Mists of the Serengeti(14)
I sensed the beginning of an epic love story, the kind I was always hungry for, but she didn’t say anything more. She just smiled wistfully and swirled her spoon around the bowl in little circles.
“Should we . . . should someone go get Jack?” I asked as lightning pierced the sky again. I was starting to feel terrible about what I’d said to him.
“He’ll come in when he’s done. And he’ll keep doing it, until one day, he doesn’t need to anymore. It’s what you’re doing too, aren’t you? Miles from home. Mourning your sister in your own way. You’ve got to let it run its course. Give in until it’s spent and quiet, until you’ve learned to breathe through the loss.”
I had a spoonful of my soup and thought about what she’d said. Mo’s death was like a door that had been sealed shut forever. I could never walk through it, never listen to her go on about all the inconsequential things that I missed so terribly now. There is an invisible threshold of possibilities when someone is alive. It contracts when they’re gone, swallowing up all the worlds that hover around them—names of people they’d never meet, faces of kids they’d never have, flavors of ice cream they’d never taste. Losing Mo hurt like hell, but I couldn’t imagine what it would feel like to lose a child.
“I thought I told you to leave.”
I jumped at the sound of Jack’s voice. He was drenched to the core, standing by the back door in a puddle of water. The hoodie was gone and his T-shirt was molded to the kind of muscles that came with hard, physical labor. We were high up at the foot of the mountain, where the air held a touch of frost in the evenings, but he showed no sign of being cold. Perhaps that was the point—standing in the rain past the point of numbness.
“I invited them in,” said Goma.
Jack followed her eyes and noticed Bahati for the first time.
“Habari, Jack,” said Bahati.
Jack nodded in acknowledgment. He had no reaction to seeing a muumuu-clad man at his grandmother’s table. Then his eyes fell on Scholastica, and everything changed. If he had been harsh with me before, he was positively hostile toward her. His hands clenched into tight fists by his sides, hackles rising until the air bristled with unspoken tension.
“That’s Lily’s,” he growled.
“So it is.” Goma didn’t seem perturbed by his reaction. “Scholastica needed a change of clothes, so I gave her Lily’s dress.”
Jack’s jaw clenched, like he had just stopped himself from biting someone’s head off. Scholastica huddled closer to Goma, shriveling under his biting glare.
“I think we should go now,” I said to Bahati. I had no idea if they’d let Scholastica board with me at the volunteer’s hostel until I figured something out. All I knew was that I didn’t like the way Jack Warden made me feel. I was used to constants with people—a nice, smooth line, with maybe a few blips here and there. But with Jack, it was like a polygraph test gone wild, the recording needle jumping all over the place. I went hopeful to insulted, from being sympathetic about his loss to infuriated by his attitude.
“No one’s going anywhere in this weather. In case you haven’t been listening to the forecast, the storm isn’t going to clear any time soon,” said Goma. “There are no streetlights for miles and the roads are treacherous in the rain. Besides, you have Scholastica to think about.”
“I’m sure the hostel can accommodate her for one night,” I replied. “I can call ahead and—”
“That’s not what I—”
“It’s not safe,” Jack declared. “You leave in the morning.”
I stared at him in silence. What made him think he had the right to call the shots on what I did? Or when? Maybe if he’d said it differently, like he gave a damn, I would have considered it, but he clearly didn’t want us there, and I wasn’t about to accept any grand favors from him.
“You can’t make that decision for us.” I lifted my chin and met his gaze.
His eyes narrowed, but he didn’t say anything. I was pretty sure I was seconds from combusting into a pile of smoldering ash when his scrutiny shifted.
“Bahati.” He held out his hand. “Keys.”
Bahati cast a furtive glance at me, but he clearly didn’t want to lock horns with Jack.

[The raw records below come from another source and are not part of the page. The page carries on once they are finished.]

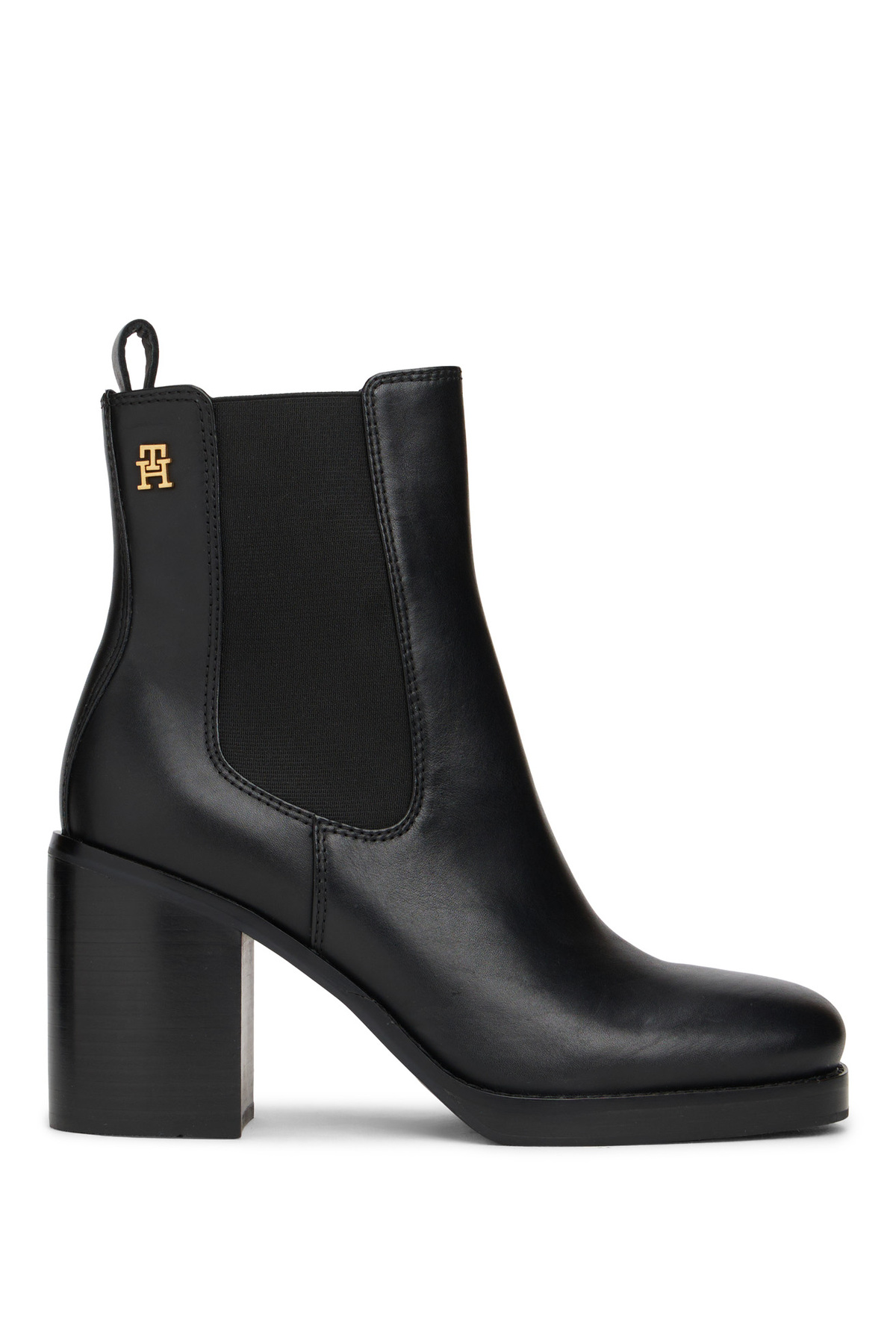 Tommy Hilfiger SQUARE TOE CHELSEA HIGH BLOCK HL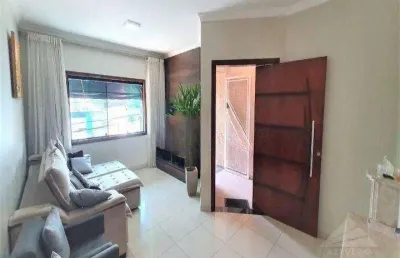 Sobrado com 3 dormitórios à venda, 174 m² por r$ 860.000,00 - vila apiaí - santo andré/sp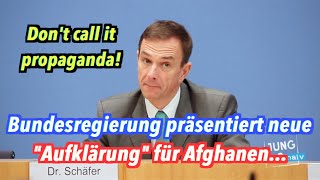 Die neue deutsche Abschreckungskampagne für Afghanen im Kriegsgebiet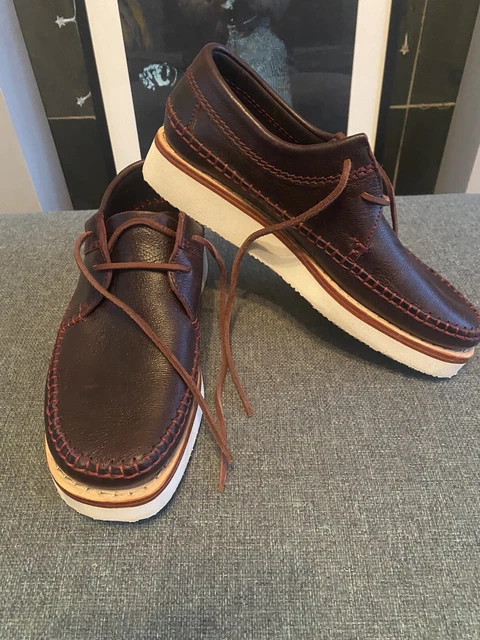 Clarks originals weaver shop hike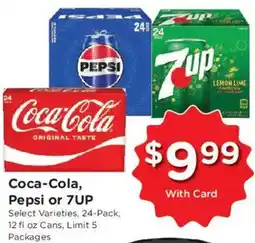 King Soopers Coca-Cola, Pepsi or 7UP offer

The keys disappeared as Jack closed his fingers over them and slid them into his pocket. “You leave in the morning.” He looked pointedly at me.
“Well. It’s settled then.” Goma shot me an expression that left no room for protest. She got up and filled a bowl of soup for Jack. “Now sit down and have a bite to eat.”
“Later. I’m going to take a shower,” he announced, peeling off his T-shirt and wiping his face with it. He was tanned all over, with no lines marking his skin, except for the dark cuts sculpting his washboard abs. He started heading upstairs and then turned around. Trickles of water ran down his back from hair that was still glistening from the rain. “Bahati, come with me. I have something you can borrow. You need to get out of that . . . thing.”
Bahati glared at Goma before following Jack out.
“What?” She glared back. “You wear that tribal robe all the time. Same thing, just with sleeves.”
“You know Bahati?” I asked, when the men were gone.